From: Pavel Begunkov <[email protected]>
To: dormando <[email protected]>, io-uring <[email protected]>
Subject: Re: tcp short writes / write ordering / etc
Date: Mon, 1 Feb 2021 10:56:38 +0000 [thread overview]
Message-ID: <[email protected]> (raw)
In-Reply-To: <[email protected]>
On 31/01/2021 09:10, dormando wrote:
> Hey,
>
> I'm trying to puzzle out an architecture on top of io_uring for a tcp
> proxy I'm working on. I have a high level question, then I'll explain what
> I'm doing for context:
>
> - How (is?) order maintained for write()'s to the same FD from different
> SQE's to a network socket? ie; I get request A and queue a write(), later
Without IOSQE_LINK or anything -- no ordering guarantees. Even if CQEs came
in some order actual I/O may have been executed in reverse.
> request B comes in and gets queued, A finishes short. There was no chance
> to IOSQE_LINK A to B. Does B cancel? This makes sense for disk IO but I
> can't wrap my head around it for network sockets.
>
> The setup:
>
> - N per-core worker threads. Each thread handles X client sockets.
> - Y backend sockets in a global shared pool.
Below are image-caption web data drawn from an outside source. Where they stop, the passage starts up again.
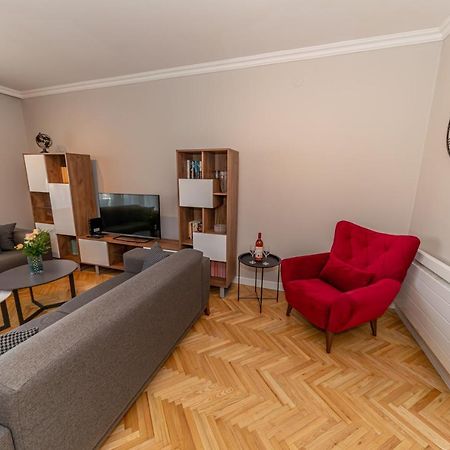 City Center De Lux Apartment Bar Exteriér fotografie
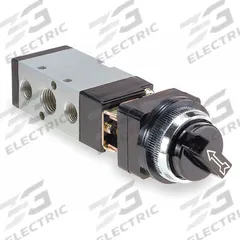 ARO Manual Air Control Valve: MaxAir, Four-Way / Two-Position, Twist, Black, 26 scfm Flow Rate - Max (MPN M212LS-10). Key specifications — attr1092903: Black; attr1086905: Manual Return; attr1086907: MaxAir; attr1086914: Normally Open/Normally Closed; attr1086904: Manual Air Control Valve; attr1086871: M212LS-10.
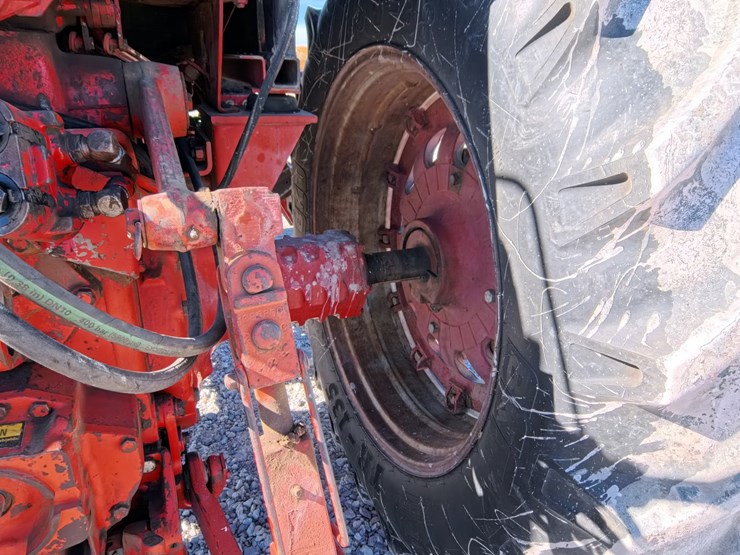 #1056-•-international-986-tractor-image-10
These point to storage
> servers (or other proxyes/anything).
>
> - client sockets wake up with requests for an arbitrary number of keys (1
> to 100 or so).
> - each key is mapped to a backend (like keyhash % Y).
> - new requests are dispatched for each key to each backend socket.
> - the results are put back into order and returned to the client.
>
> The workers are designed such that they should not have to wait for a
> large request set before processing the next ready client socket. ie;
> thread N1 gets a request for 100 keys; it queues that work off, and then
> starts on a request for a single key. it picks up the results of the
> original request later and returns it. Else we get poor long tail latency.
>
> I've been working out a test program to mock this new backend. I have mock
> worker threads that submit batches of work from fake connections, and then
> have libevent or io_uring handle things.
>
> In libevent/epoll mode:
> - workers can directly call write() to backend sockets while holding a
> lock around a descriptive structure. this ensures order.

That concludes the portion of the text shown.